The Thunder don't have enough to beat the Spurs, even with Durant and Westbrook
The Oklahoma City Thunder have two of the best players in the NBA, Russell Westbrook and Kevin Durant, both of whom are at the height of their powers this postseason.
In this star-driven NBA, having two out-and-out superstars who play well together is an advantage that few teams can boast. The Thunder should be title contenders. They should be in the same class as the Cavaliers, the Warriors, and the Spurs. The Thunder should be an elite team.
But they're not, because Oklahoma City doesn't have the bench and it doesn't have the coaching necessary to compete for titles. That truth had been developing for months, but it was crystallized Friday night in the Thunder's Game 3 loss to the San Antonio Spurs in the teams' Western Conference Semifinal series.
The Thunder needed everything they could get from their superstars in Game 3, and to their credit, they did their best to deliver. But at a certain point, two men can only do so much — especially against a historically great Spurs team.
Especially when they're not getting any offensive help outside of a fluky 5-of-6 shooting night from behind the arc from Serge Ibaka (a 32 percent 3-point shooter.)
Especially when they have a coach who isn't coaching in the fourth quarter of a game.

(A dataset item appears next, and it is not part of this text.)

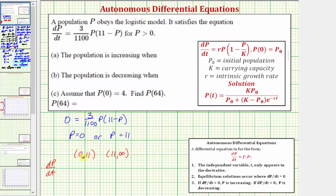For the test value in the first interval, let's select P equals one. When P equals one, we'd have three divided by 1,100, times one, times ten, which is positive. So because dP/dt is positive over this interval, P is increasing over the entire interval from zero to eleven. For the second interval, let's select P equals twelve. When P is twelve, dP/dt equals three divided by 1,100, times twelve, times negative one, which gives a negative value, meaning the population is decreasing over that entire interval.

The Thunders' prodigious star power can win the first 43 minutes, maybe even the first 45 or 46 minutes of a game, but when it comes down to the final two minutes of the contest, it's clear that the Thunder don't have what it takes, and it's not Westbrook and Durant's fault.
On Friday, the Thunder entered the final five minutes with a two-point lead and an enthused crowd, but, as has been the problem for the Thunder all season, the team failed in crunch time.
The Thunder was the worst of the teams that qualified for the playoffs in "crunch time" this season, as the only team of that ilk that posted a net-negative rating in the final five minutes with the score within five points.
How is that possible? You saw exactly how Friday night.
In crunch time of Game 3, Westbrook and Durant had a combined usage of 92.5 percent. The only non-superstar possession was an aimless "play" in the final seconds, in which the Thunder, despite being down by four, spent 14 seconds to get an off-balance Dion Waiters bank shot (which he made.)
That 14-second possession was a perfect microcosm of coach Billy Donovan's late-game ideology — if you can call it that.
The knock on former Thunder coach Scott Brooks was that his teams' offenses would fall apart late in games. Ball movement would stop and the Thunder would alternate possessions of heroball.
Nothing has changed under Donovan. It might have gotten worse.
Not only did the Thunder fail to register an assist in the final five minutes of the game (and only one in the final 7:15 of the contest) — an obvious indication of no ball movement — but also, Donovan was toyed with by his counterpart on the Spurs bench, Gregg Popovich.
Much was made after Game 3 about the number of shots that Westbrook took Friday night compared to Durant, and the disparity between Westbrook (31 shots) and Durant (18) was exactly what the Spurs wanted. San Antonio double-teamed and overloaded Durant's side of the court for most of Game 3, but went all in on denying Durant late in the fourth quarter.
It's on Donovan to call plays to get Durant the ball and open looks at the hoop, or to make the Spurs pay for putting too much attention on one player by setting up Westbrook and the other three Oklahoma City players on the court to score on a man (or two) advantage.
Neither happened. Either Donovan doesn't recognize his responsibility or he's denying it because of the low quality of the Thunder's other offensive players. It's probably a combination of both factors.
Either way, with this top-heavy roster and a coach who is sporting a deer-in-the-headlights look, you might as well write the Thunder off in this series.
What happens after the inevitable comes to fruition — say in July, when free agency starts — is anyone's guess.